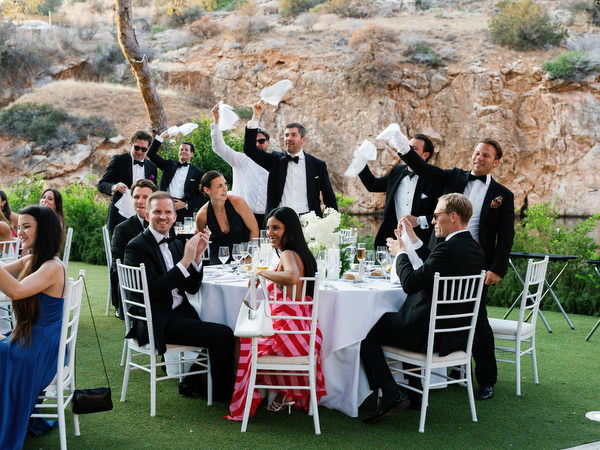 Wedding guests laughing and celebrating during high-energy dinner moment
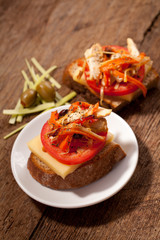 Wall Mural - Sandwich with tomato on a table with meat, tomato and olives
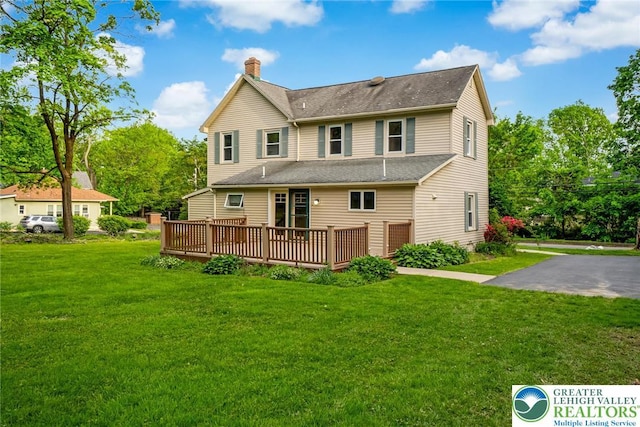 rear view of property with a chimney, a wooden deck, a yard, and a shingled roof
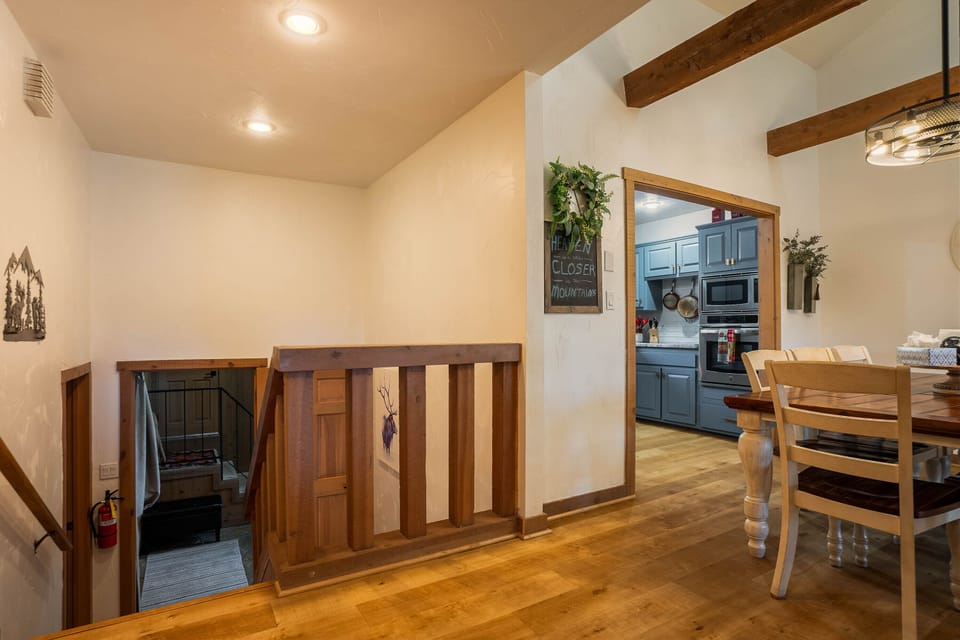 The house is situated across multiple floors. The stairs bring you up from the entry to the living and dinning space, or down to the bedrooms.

Work request
Exactly as they appear above, print all the lines, but not the pictures.

Task solution
 Wedding guests laughing and celebrating during high-energy dinner moment
 Wall Mural - Sandwich with tomato on a table with meat, tomato and olives
 rear view of property with a chimney, a wooden deck, a yard, and a shingled roof
 The house is situated across multiple floors. The stairs bring you up from the entry to the living and dinning space, or down to the bedrooms.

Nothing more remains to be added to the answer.